Beach Offers Rare Respite For War-weary Gazans
Hundreds of Gazans found rare respite at the beach this week from more than six months of traumatising Israeli bombardments in the Palestinian territory.
After temperatures suddenly soared, children paddled in the sea and their friends played ball games on the sand around Deir el-Balah in the centre of the coastal strip -- but the war was never far away.
Deir al-Balah city became a focus of fighting in Gaza between Israeli forces and Hamas militants. Israeli bombardments have left children dead and wounded.
"The children were happy and this was our first goal -- to get them out of the destruction, killing, and the atmosphere of war, even though they hear explosions every moment and planes in the air," said Naji Abu Waseem, displaced from Gaza City in the territory's north.
"God willing, this war will end and we will return to Gaza City, even to the rubble."
Many at the beach are living in makeshift shelters nearby. They are among the 1.7 million people the United Nations says have been uprooted by Gaza's war and left struggling for food, water and other essentials.

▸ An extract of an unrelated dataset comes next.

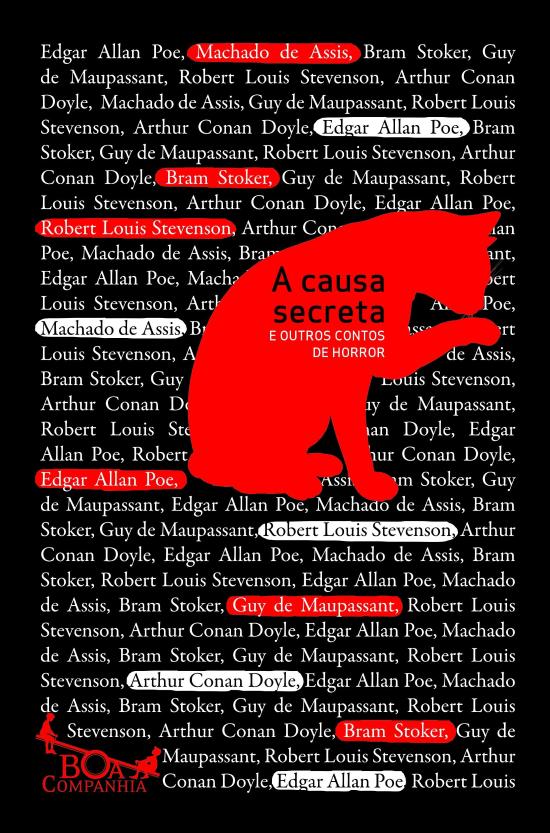 CAUSA SECRETA E OUTROS CONTOS DE HORROR, A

"The tent was like an oven," said Mahmud al-Khatib, 28, also displaced from Gaza's north. "The sea was the only option," where he took his wife and children.
"There's no infrastructure, no life, everything is nonexistent," Khatib said on Wednesday with the arrival of summer-like temperatures.
Groups of men lay in the sand looking at the waves as children played in the water. Women and girls in tunics and hijabs took photographs.
More than 70 percent of those killed in the war are women and children, according to the health ministry in the Hamas-ruled territory.
The war began on October 7 when Hamas militants stormed across the border from Gaza and attacked southern Israel, resulting in the deaths of 1,170 people, most of them civilians, according to an AFP tally based on official Israeli figures.
Militants also abducted around 250 people, of whom 129 still remain in Gaza including 34 the military says are dead.
Since then Israel's relentless military offensive against Hamas has killed at least 33,899 people in Gaza, the territory's health ministry said.
Yunis Abu Ramadan, displaced with his family from the Gaza City area, said that, "with shooting everywhere," it is impossible to forget the war.
"We live in fear and terror and wish to return to our homes in Gaza," he said.
Still, his wife, Umm Ramadan, said the beach was a welcome break from their cramped life in an overcrowded tent.
"We're packed like sardines," she said. "We do not know comfort or calm due to the (Israeli) air strikes and the fear and anxiety of the children."
Worry persisted even at the water's edge, Ramadan added.
"We saw all the people in the tents had reached the sea like us because the weather was very hot," she said.
"But we were afraid that we would be bombed while we were by the sea too, as (Israeli) boats were close to the shore," Ramadan added.
"We hope the war will end and we will return to our homes."